Anna J. Cooper | |
---|---|
Born | Anna Julia Haywood August 10, 1858 |
Died | February 27, 1964 Washington, D.C., US | (aged 105)
Burial place | City Cemetery in Raleigh, NC |
Education | |
Known for | Fourth African American woman to receive a PhD |
Spouse |
George A. C. Cooper
(m. 1877; died 1879) |
Children | Lula Love Lawson (foster daughter) [1] |
Mother | Hannah Stanley Haywood |
Relatives | John Haywood (grandfather) |
Anna Julia Cooper (née Haywood; August 10, 1858 – February 27, 1964) was an American author, educator, sociologist, speaker, Black liberation activist, Black feminist leader, and one of the most prominent African-American scholars in United States history.

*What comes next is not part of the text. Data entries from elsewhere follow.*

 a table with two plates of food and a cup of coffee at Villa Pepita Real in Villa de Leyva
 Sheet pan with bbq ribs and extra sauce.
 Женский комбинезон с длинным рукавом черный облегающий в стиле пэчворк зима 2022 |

Although born into slavery, Cooper pursued higher education at Oberlin College in Ohio, where she earned a Bachelor of Arts in 1884 and a master's degree in mathematics in 1887. At the age of sixty-six, she completed her PhD at the Sorbonne University in Paris, making her the fourth African American woman to earn a PhD.[2] She was also a prominent member of Washington, D.C.'s African-American community, and a member of Alpha Kappa Alpha sorority.
Cooper made contributions to social science fields, particularly in sociology. Her first book, A Voice from the South: By a Black Woman of the South, is widely acknowledged as one of the first articulations of Black feminism, giving Cooper the often-used title of "the Mother of Black Feminism".[3]